[Captioned web image data]
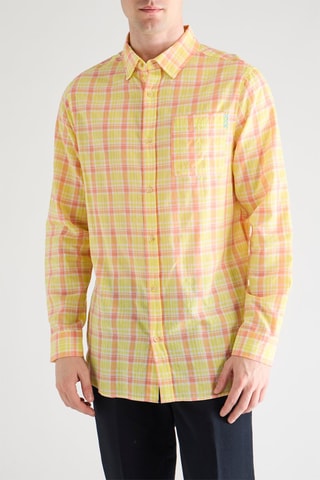Chemise - Jaune
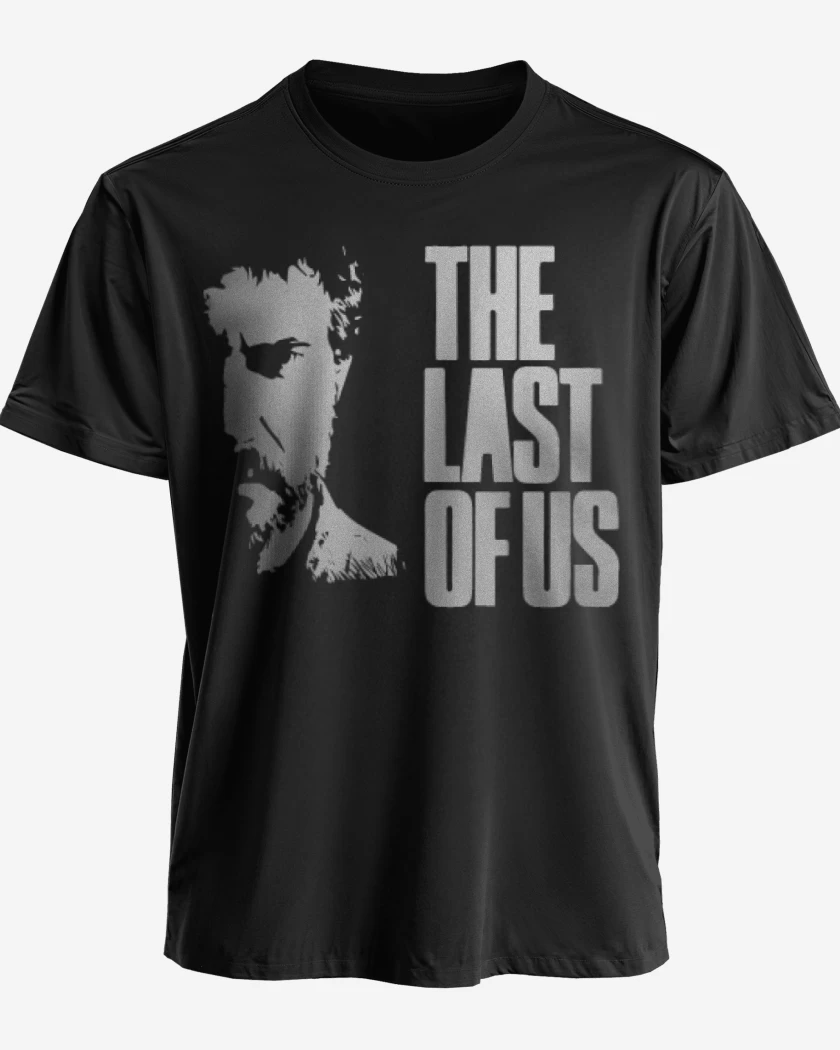 Polera The Last Of Us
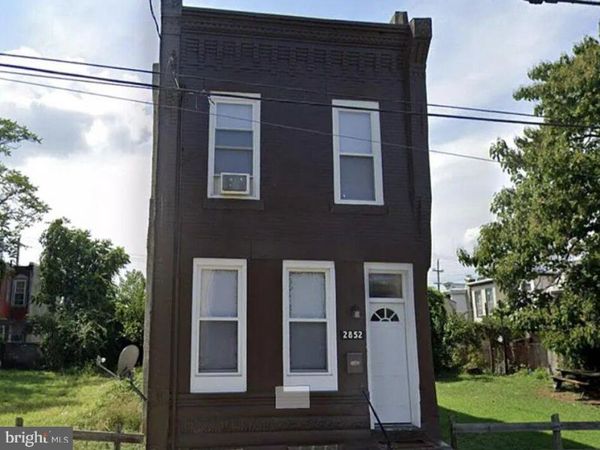 2852 N PARK AVENUE , PHILADELPHIA, PA 19132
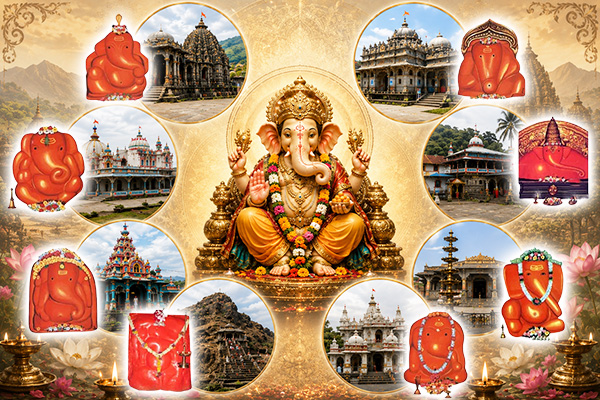 Ashtavinayaka Temples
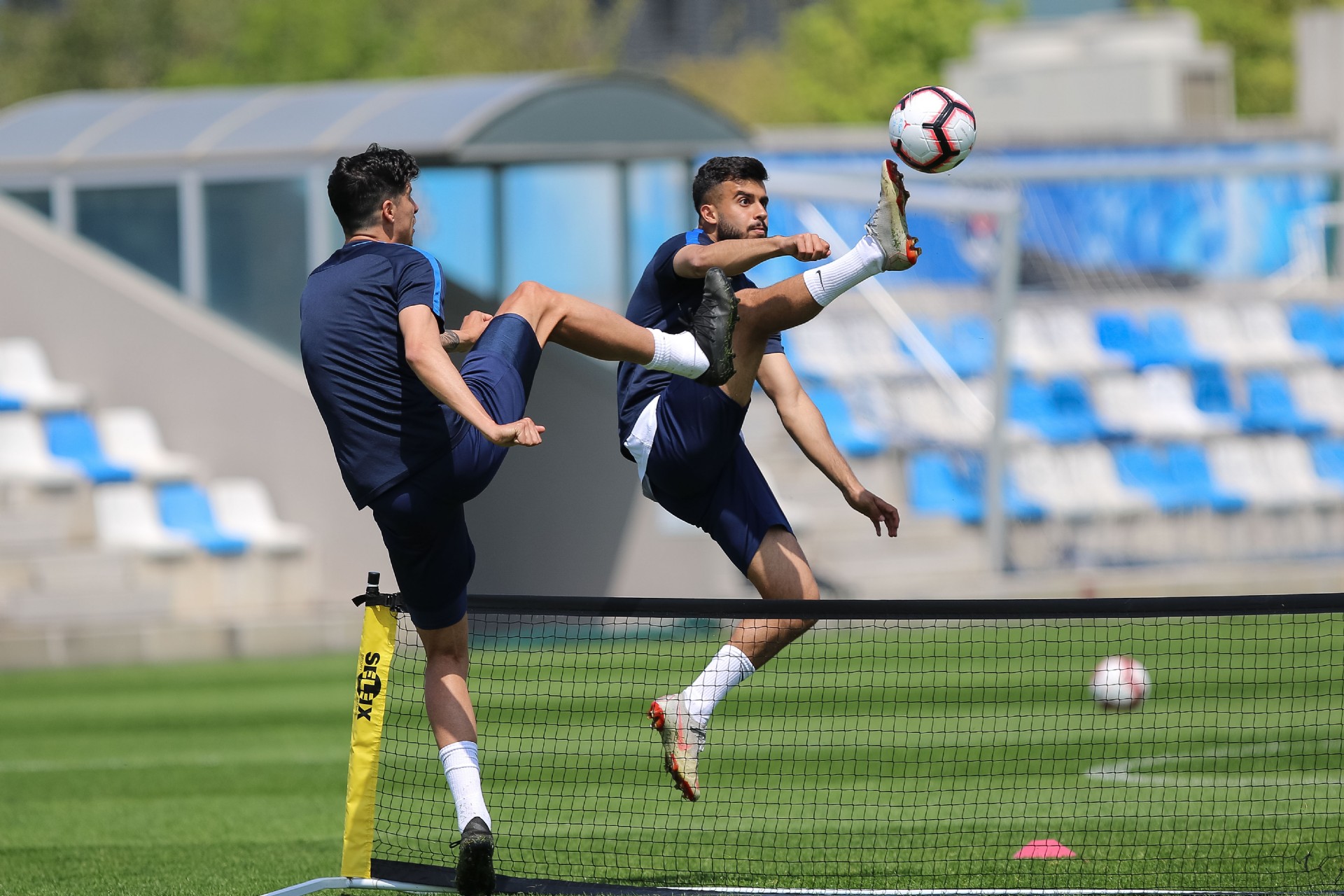 Malatyaspor maçı hazırlıkları tamamlandı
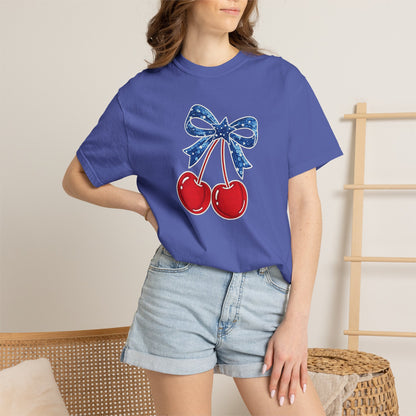 Cherry Bow T-Shirt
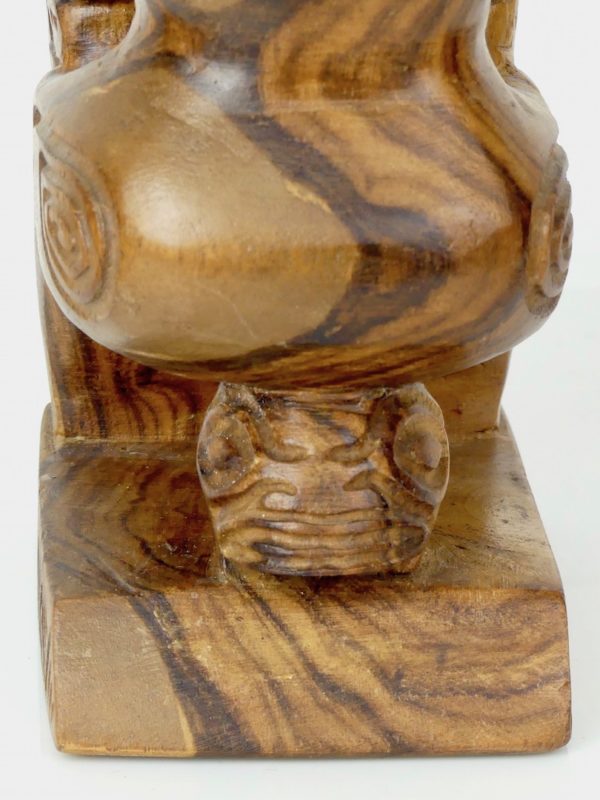 Tiki Pahu (détail 2)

#### TASK ITEM
Set down every entry above verbatim, without pictures.

#### OUTPUT OF THE EXERCISE
Chemise - Jaune
 Polera The Last Of Us
 2852 N PARK AVENUE , PHILADELPHIA, PA 19132
 Ashtavinayaka Temples
 Malatyaspor maçı hazırlıkları tamamlandı
 Cherry Bow T-Shirt
 Tiki Pahu (détail 2)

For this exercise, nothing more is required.